We are now accepting nominations for January 2021 LOTM!

Go ahead and nominate one member journal that has caught your eye!

When nominating, please link to both the member's lawn journal and the one photo that you want to appear below.

Photo submissions must be current (taken since the first of this month), nominees must not have won LOTM within the last 12 months, and self nominations are not permitted.

January 2021 Nominations:

1) O_Poole -  Lawn Journal 









2) Dangerlawn - Lawn Journal 









3) Wiley - Lawn Journal


----------



## Redtenchu (Jan 28, 2017)

I nominate @O_Poole

 Lawn Journal


----------



## The_iHenry (Apr 23, 2019)

I nominate @Dangerlawn

 Lawn Journal 

Edit: Updated pic


----------



## Ware (Jan 28, 2017)

The_iHenry said:


> I nominate @Dangerlawn
> 
> Lawn Journal


Unfortunately that pic is from October, so it doesn't qualify. 

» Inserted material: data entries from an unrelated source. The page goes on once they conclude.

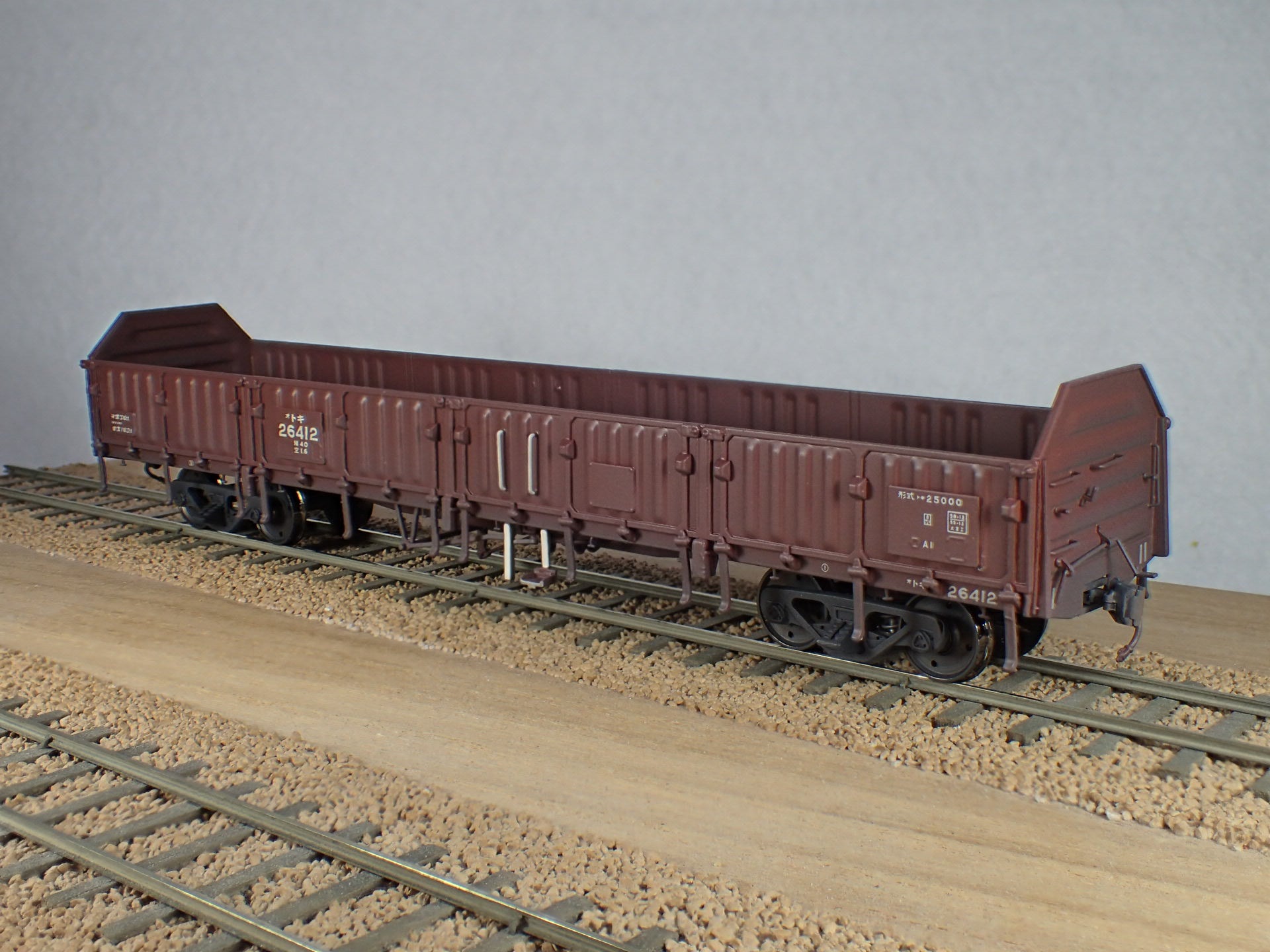 HOj 1/87 12mm モデルワム製「国鉄トキ25000形」をフィニッシュする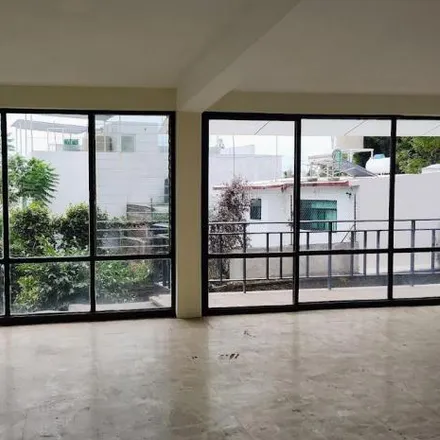 Rent this 5 bed house on Calle Álamo in Tlaltenango, 62270 Cuernavaca
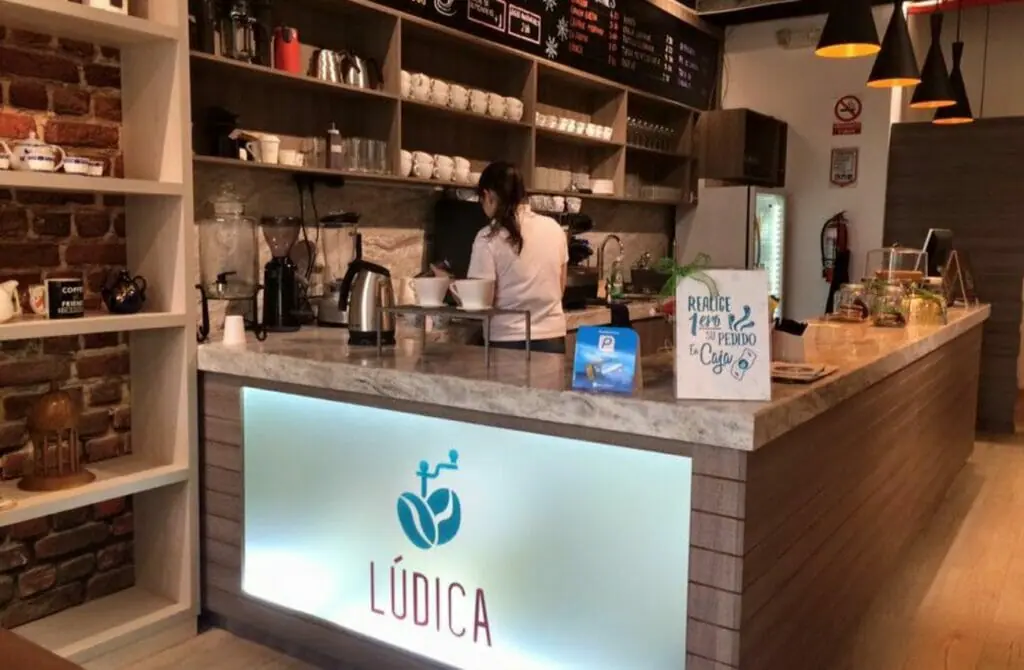 Lúdica Coffee House - Gay Nightlife in Guayaquil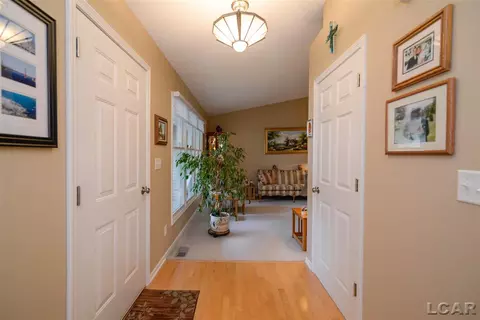3102 Cobblestone, Tecumseh, MI 49286 photo 13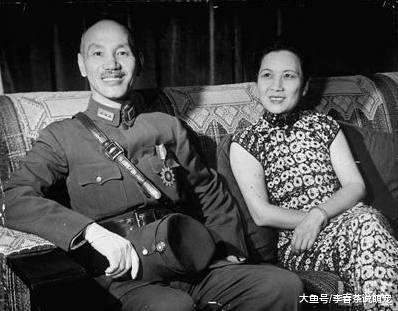 宋美龄听到蒋介石与女秘书有染，想出一法子，至今很多富婆借鉴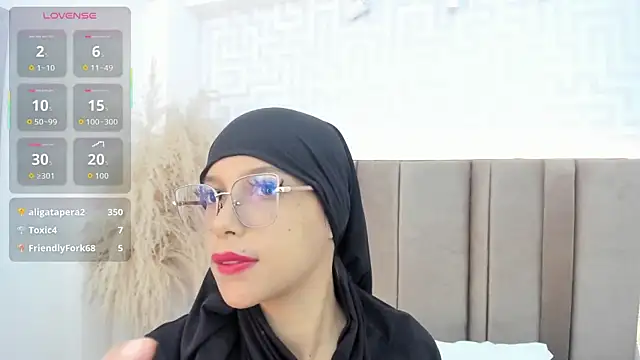 naishaa_ webcam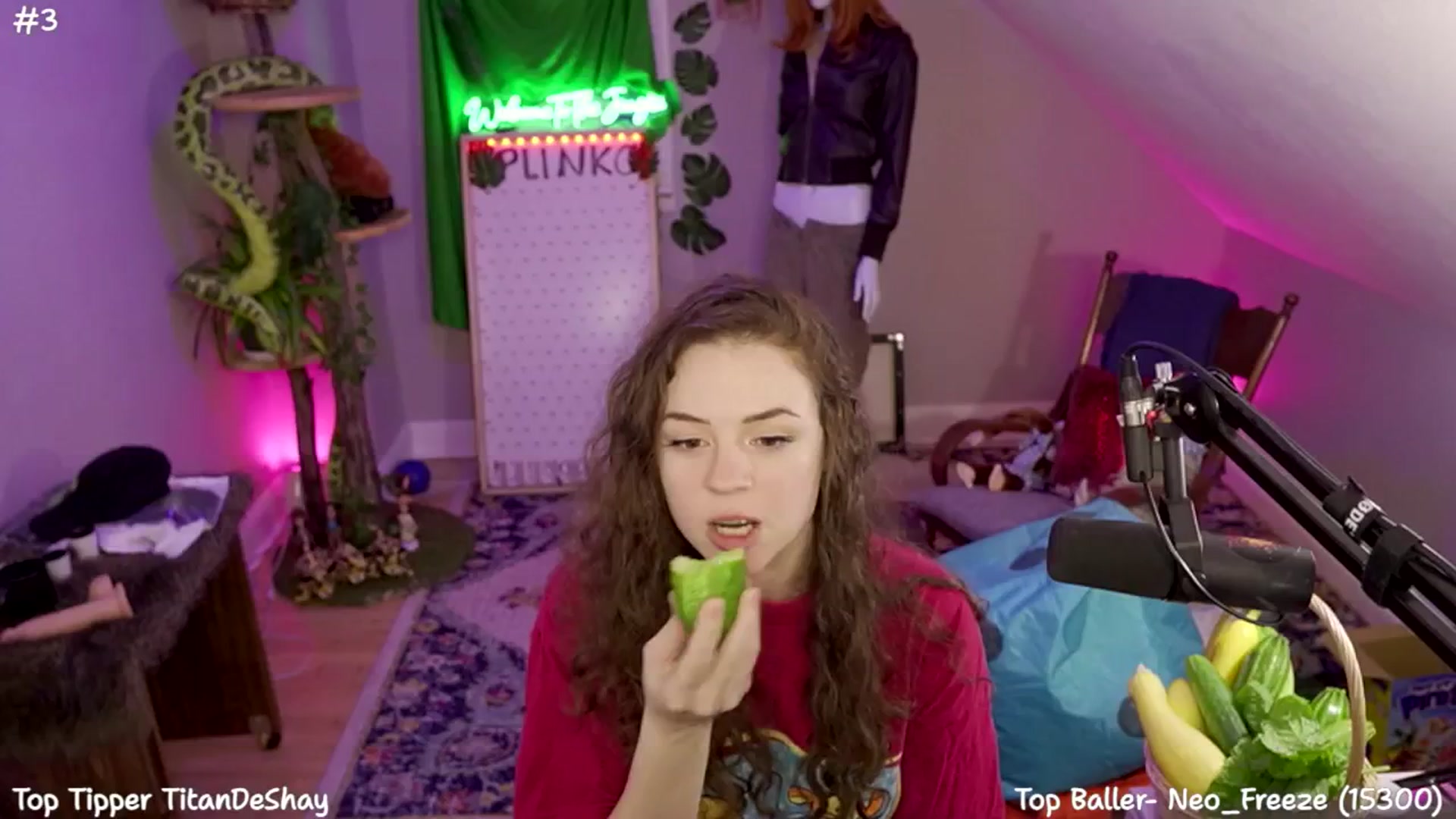Gallery image thumbnail from SophiesJungle's myfreecams stream on, 07/25/2024, 11:05 image 4 of 20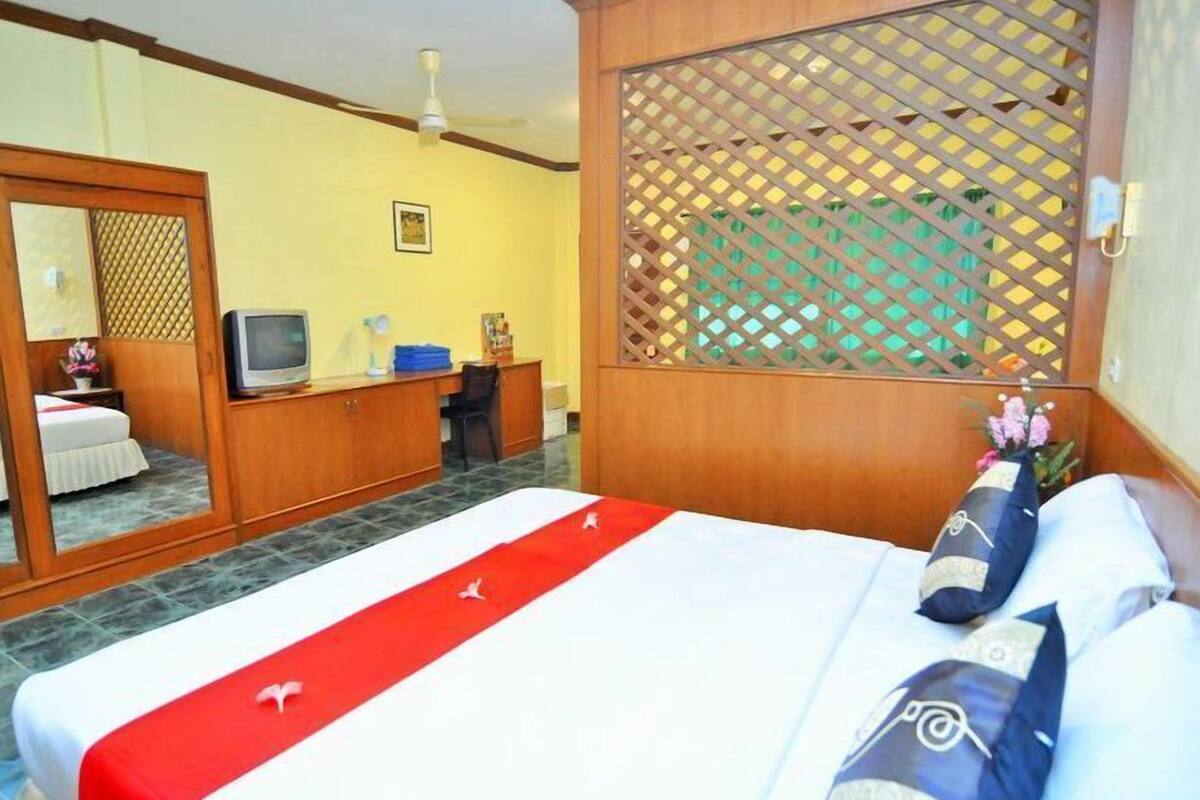 Deluxe Suite, 1 King Bed, Garden View | In-room safe, free WiFi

ETA: He has one from December - I'll use it.


----------



## SumBeach35 (Jul 11, 2019)

I nominate @Wiley

Some great late season stripes



Lawn Journal


----------



## Ware (Jan 28, 2017)

We got some last minute nominations, so voting is live! Today only!


----------



## The_iHenry (Apr 23, 2019)

Ware said:


> The_iHenry said:
> 
> 
> > I nominate @Dangerlawn
> ...


Thanks, I updated the pic :thumbup:


----------



## Wiley (Dec 2, 2019)

@SumBeach35 thanks for the nomination. A couple of amazing lawns as usual!


----------



## Ware (Jan 28, 2017)

Congrats to @Dangerlawn!


----------



## Redtenchu (Jan 28, 2017)

Congratulations @Dangerlawn


----------



## Thor865 (Mar 26, 2018)

Congrats @Dangerlawn


----------



## Gilley11 (Nov 3, 2019)

Great looking lawn @Dangerlawn !


----------



## The_iHenry (Apr 23, 2019)

Congrats @Dangerlawn


----------



## O_Poole (Jun 5, 2018)

Thanks @Redtenchu

Congratulations @Dangerlawn

That was a close votes @SumBeach35


----------